Stored items
-----

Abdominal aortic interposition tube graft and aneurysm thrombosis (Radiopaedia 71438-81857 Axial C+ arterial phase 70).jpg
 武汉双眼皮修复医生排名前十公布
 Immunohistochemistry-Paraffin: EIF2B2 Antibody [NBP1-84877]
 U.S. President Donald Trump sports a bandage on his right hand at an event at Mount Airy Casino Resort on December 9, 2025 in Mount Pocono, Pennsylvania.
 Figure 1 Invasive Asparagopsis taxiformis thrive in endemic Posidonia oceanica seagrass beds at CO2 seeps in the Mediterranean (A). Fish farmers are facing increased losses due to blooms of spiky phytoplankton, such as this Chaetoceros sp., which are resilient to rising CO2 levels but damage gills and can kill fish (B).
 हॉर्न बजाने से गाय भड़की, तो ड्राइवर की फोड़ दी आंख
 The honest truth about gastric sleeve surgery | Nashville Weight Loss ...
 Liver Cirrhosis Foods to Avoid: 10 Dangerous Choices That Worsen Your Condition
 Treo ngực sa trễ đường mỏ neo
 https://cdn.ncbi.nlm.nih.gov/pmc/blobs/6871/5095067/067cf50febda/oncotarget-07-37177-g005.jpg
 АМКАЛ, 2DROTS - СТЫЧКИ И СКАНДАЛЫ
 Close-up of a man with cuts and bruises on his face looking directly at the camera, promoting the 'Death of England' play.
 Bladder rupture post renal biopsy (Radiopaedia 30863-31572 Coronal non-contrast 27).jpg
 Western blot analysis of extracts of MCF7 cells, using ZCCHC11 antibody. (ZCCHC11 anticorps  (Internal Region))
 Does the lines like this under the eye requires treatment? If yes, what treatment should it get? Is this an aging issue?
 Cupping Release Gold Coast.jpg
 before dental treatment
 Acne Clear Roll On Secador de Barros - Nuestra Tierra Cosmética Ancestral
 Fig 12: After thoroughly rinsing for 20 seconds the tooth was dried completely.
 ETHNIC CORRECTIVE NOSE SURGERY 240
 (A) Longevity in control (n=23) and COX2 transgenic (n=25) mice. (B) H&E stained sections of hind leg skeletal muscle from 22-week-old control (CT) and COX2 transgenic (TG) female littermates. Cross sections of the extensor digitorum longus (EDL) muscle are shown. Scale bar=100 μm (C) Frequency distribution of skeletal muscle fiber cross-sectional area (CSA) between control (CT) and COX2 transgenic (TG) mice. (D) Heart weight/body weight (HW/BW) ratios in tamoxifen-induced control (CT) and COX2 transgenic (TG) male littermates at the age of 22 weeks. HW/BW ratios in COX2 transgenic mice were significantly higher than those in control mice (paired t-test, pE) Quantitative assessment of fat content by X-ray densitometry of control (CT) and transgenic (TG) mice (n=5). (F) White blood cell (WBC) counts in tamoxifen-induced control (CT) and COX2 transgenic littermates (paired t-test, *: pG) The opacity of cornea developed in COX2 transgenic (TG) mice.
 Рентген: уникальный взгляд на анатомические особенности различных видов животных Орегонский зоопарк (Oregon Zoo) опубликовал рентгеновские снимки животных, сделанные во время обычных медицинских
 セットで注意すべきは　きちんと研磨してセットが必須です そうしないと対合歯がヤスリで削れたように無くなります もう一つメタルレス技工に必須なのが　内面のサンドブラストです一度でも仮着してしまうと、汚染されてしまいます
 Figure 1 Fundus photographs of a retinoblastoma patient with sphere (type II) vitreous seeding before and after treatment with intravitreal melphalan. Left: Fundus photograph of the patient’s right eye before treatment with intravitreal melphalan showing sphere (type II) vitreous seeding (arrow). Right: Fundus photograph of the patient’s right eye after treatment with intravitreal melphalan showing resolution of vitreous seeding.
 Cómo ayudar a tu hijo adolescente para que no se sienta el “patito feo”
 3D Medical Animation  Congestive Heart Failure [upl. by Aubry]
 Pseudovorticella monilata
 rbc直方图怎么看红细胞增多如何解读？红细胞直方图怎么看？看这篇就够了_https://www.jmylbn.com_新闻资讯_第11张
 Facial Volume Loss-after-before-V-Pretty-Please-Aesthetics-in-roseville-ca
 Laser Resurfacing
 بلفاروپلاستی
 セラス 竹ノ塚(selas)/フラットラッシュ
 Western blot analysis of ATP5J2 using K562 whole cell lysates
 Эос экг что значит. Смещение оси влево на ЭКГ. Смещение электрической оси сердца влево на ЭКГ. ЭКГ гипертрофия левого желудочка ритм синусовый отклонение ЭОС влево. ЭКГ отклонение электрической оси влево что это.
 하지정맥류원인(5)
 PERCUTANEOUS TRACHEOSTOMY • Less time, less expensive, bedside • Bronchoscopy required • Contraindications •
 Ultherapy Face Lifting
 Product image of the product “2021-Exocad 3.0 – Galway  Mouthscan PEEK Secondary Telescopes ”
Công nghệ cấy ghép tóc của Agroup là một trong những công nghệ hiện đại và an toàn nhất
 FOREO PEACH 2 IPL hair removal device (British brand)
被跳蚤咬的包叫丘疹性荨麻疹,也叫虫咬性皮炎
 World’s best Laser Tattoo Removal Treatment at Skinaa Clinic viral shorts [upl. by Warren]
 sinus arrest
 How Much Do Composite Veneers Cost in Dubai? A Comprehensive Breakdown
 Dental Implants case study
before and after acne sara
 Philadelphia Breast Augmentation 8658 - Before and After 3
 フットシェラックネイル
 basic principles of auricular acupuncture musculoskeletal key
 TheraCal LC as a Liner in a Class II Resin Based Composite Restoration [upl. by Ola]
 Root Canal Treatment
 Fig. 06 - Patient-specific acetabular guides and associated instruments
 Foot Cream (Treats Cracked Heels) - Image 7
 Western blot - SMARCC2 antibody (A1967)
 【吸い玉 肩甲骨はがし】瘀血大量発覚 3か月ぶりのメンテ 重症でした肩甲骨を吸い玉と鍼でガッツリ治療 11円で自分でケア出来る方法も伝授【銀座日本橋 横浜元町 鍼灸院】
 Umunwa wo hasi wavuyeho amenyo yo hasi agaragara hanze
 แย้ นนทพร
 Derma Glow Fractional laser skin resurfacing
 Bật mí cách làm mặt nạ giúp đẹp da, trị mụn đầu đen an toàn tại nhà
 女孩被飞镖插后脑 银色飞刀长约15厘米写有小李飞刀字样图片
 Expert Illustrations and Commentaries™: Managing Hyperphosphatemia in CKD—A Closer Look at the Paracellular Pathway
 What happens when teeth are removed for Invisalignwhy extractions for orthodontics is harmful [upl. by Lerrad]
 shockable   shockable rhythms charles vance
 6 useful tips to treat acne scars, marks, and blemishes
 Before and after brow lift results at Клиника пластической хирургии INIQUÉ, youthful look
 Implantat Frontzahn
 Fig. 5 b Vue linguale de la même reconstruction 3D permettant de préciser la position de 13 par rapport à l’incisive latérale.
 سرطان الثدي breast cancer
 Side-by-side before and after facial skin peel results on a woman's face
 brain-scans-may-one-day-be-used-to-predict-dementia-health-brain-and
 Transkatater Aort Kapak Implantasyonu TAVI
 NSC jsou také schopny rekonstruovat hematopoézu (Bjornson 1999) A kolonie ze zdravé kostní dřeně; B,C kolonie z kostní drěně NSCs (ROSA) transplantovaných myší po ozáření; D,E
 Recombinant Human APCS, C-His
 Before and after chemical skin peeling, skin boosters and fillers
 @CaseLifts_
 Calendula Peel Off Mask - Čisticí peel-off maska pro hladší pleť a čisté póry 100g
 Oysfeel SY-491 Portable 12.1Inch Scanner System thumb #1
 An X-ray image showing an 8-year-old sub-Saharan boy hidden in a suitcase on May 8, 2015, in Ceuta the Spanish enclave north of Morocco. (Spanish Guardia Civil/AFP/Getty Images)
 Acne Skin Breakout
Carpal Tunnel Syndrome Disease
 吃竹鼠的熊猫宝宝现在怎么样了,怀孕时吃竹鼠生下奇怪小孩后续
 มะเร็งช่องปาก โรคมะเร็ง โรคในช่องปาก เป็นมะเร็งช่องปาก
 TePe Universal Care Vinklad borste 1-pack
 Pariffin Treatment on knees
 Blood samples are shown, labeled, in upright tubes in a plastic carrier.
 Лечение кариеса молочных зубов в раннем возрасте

-----

EXERCISE BRIEF:
Out of the data above, transcribe exactly and only the lines starting with the line that has "The honest truth" and going on through the line that has "ETHNIC CORRECTIVE NOSE SURGERY 240", both included.

RESPONSE:
 The honest truth about gastric sleeve surgery | Nashville Weight Loss ...
 Liver Cirrhosis Foods to Avoid: 10 Dangerous Choices That Worsen Your Condition
 Treo ngực sa trễ đường mỏ neo
 https://cdn.ncbi.nlm.nih.gov/pmc/blobs/6871/5095067/067cf50febda/oncotarget-07-37177-g005.jpg
 АМКАЛ, 2DROTS - СТЫЧКИ И СКАНДАЛЫ
 Close-up of a man with cuts and bruises on his face looking directly at the camera, promoting the 'Death of England' play.
 Bladder rupture post renal biopsy (Radiopaedia 30863-31572 Coronal non-contrast 27).jpg
 Western blot analysis of extracts of MCF7 cells, using ZCCHC11 antibody. (ZCCHC11 anticorps  (Internal Region))
 Does the lines like this under the eye requires treatment? If yes, what treatment should it get? Is this an aging issue?
 Cupping Release Gold Coast.jpg
 before dental treatment
 Acne Clear Roll On Secador de Barros - Nuestra Tierra Cosmética Ancestral
 Fig 12: After thoroughly rinsing for 20 seconds the tooth was dried completely.
 ETHNIC CORRECTIVE NOSE SURGERY 240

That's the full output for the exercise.